# small scale market for foreign specialty honey



## Phoenix (May 26, 2004)

We have the same problem over here Guatabee. Because of all the foreign countries dumping their honey on our soil for pennies on the dollar we have a hard time getting a fair price for our harvest. I feel for you, but the only thing that I would recommend would be for the honey farmers over their to retail their product like we have to do in order to get a fair price.


----------



## guatebee (Nov 15, 2004)

Thank you Phoenix. I personally feel that dumping is bad, bad news. One of the ways in which the US and Europe are holding back on foreign imports is higher standards of qulity, which many beekeepers cannot meet.
Still, at a small scale level, specialty market niches are a good road to take. The problem is finding thos niches and to establish sound business with them.
Lots of things can be done, like producing pollen, propolis, extra wax and nucs for sale. the question always arises: who buys at a good price ? Apparently consumer preferences have been so manipulated and standardized that small lots of unique products rarely have a chance. 
The promotion of local markets seems to be a clear alternative, because it involves very hard work at educating a non consuming public. Governmental institutions and private industry will have to come up with some generic campaign to benefit all.
I´ll keep in touch.


----------



## Guest (Nov 16, 2004)

Niche markets are fun, and proifitable.
If I were you, I'd find out how many
Jewish people live near you, and find
their rabbi. The rabbi can inspect your
facilities, and if they are very, very
clean, instruct you in what you need to
do to produce "Kosher" honey. Once you
meet the criteria, he can give you the
permission to put the proper symbols on
your labels to indicate that it is Kosher,
and can be used at passover.

One tradition among Jewish people is to
serve apples dipped in honey at passover.
This niche market is highly profitable, as
there may be NO other Kosher honey producers
in your country.

But don't tell anyone... let this be a little
secret between you and I. And, ummm, about
a thousand other people who stumble into
this message.









I thought that one had to be Jewish to
be awarded "Kosher" status, but this is
not true at all. So, I may be Lutheran,
but I run a Kosher honey house, and can
bottle honey for Passover at much higher
prices than others might think possible.

Hehehe... I'd tell you more, but then
everyone would start competing with me
in my many niche markets, and I would not
get the prices I can get.

As far as international sales of honey go,
there really is no reason to accuse anyone
of "dumping". The price for honey is a 
WORLD price, and depends more on simple 
worldwide supply than anything else.
So, no matter where honey is sold, and no
matter where it comes from, it impacts the
price everywhere. Why? Because honey buyers
are willing to buy honey from the other side
of the planet if they can save a few cents.
(I never understand why shipping costs are
not a significant issue to these people.)


----------



## guatebee (Nov 15, 2004)

There´s a guy with a sharp mind !! Thanks for sharing one of your secrets jf.

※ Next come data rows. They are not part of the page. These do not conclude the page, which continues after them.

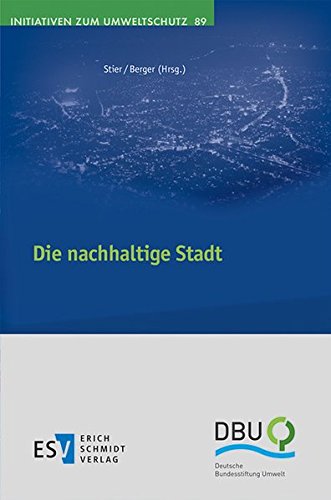 Die nachhaltige Stadt (Initiativen zum Umweltschutz, Band 89) von Schmidt (Erich), Berlin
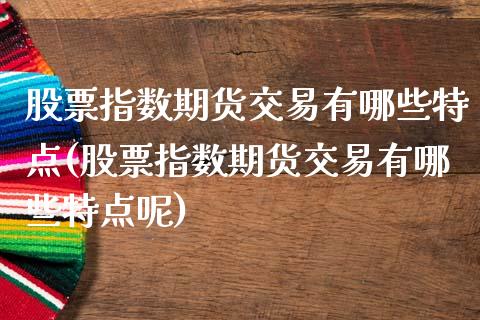 股票指数期货交易有哪些特点(股票指数期货交易有哪些特点呢)_https://www.zztgc.com_黄金期货_第1张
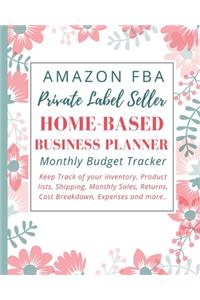 Amazon FBA Private Label Seller Home-Based Business Planner Monthly Budget Tracker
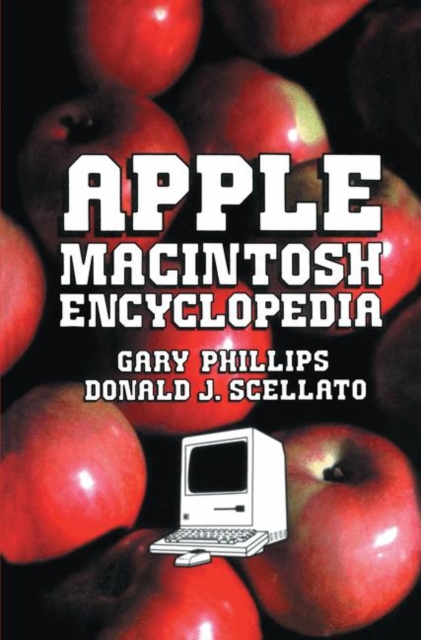 Apple Macintosh Encyclopedia, Paperback / softback Book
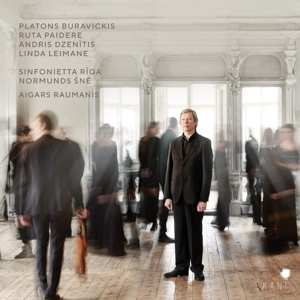 CD Sinfonietta Rīga: Platons Buravickis, Ruta Paidere, Linda Leimane, Andris Dzenītis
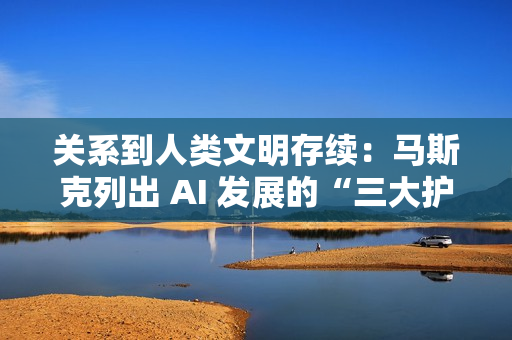 关系到人类文明存续：马斯克列出 AI 发展的“三大护身符”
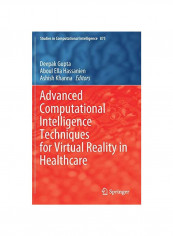 Advanced Computational Intelligence Techniques For Virtual Reality In Healthcare Hardcover
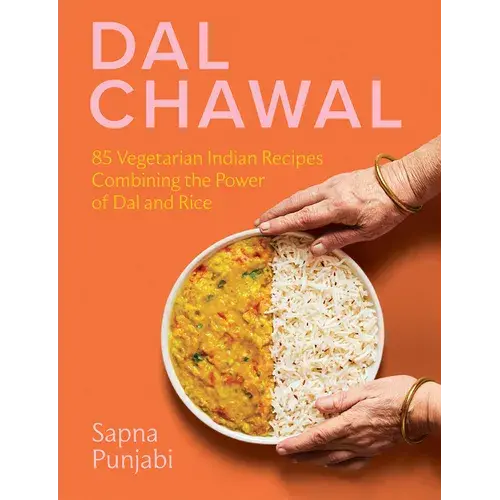 Dal Chawal: 85 Vegetarian Indian Recipes Combining The Power Of Dal And Rice - Hardcover 1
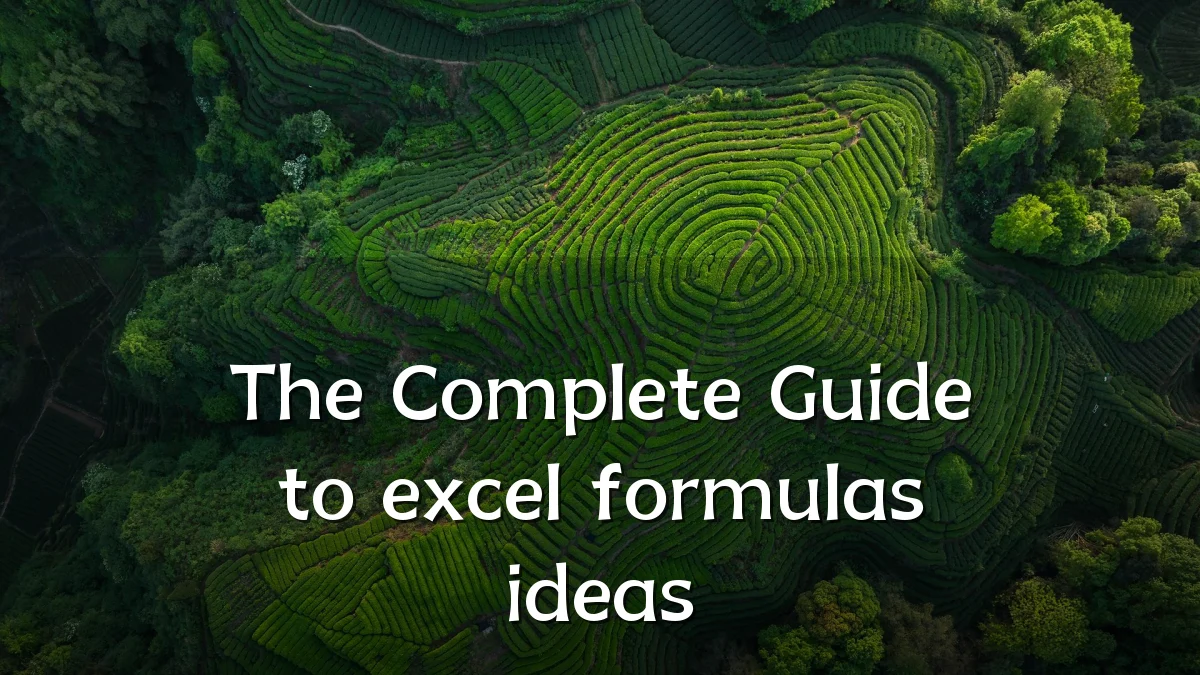 The Complete Guide to excel formulas ideas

As a matter of fact I do know The rabbi in Guatemala. I will approach him on the subject and will share back the findings.


----------



## Guest (Dec 14, 2004)

(I never understand why shipping costs are
not a significant issue to these people.)

I am considering importing honey from a European country to Japan, and I have been researching the shipping costs. Basically, accordng to the offers i have been getting so far, if I import one 20 feet container, it increases the cost of 1 kilogram of honey with USD 0.30-0.40. If you are a huge importer and can import by the ship, I suppose you can cut this prices in half or even more. Of course you have to make corrections for the import tax too. However, it is clear that honey (or anything) imported from a country where the labor is paid 10 times less than in your country will be a lot cheaper. Smart people are realizing that and are fighting to get a good quality in these poor counties too, which increases the price only a little.


----------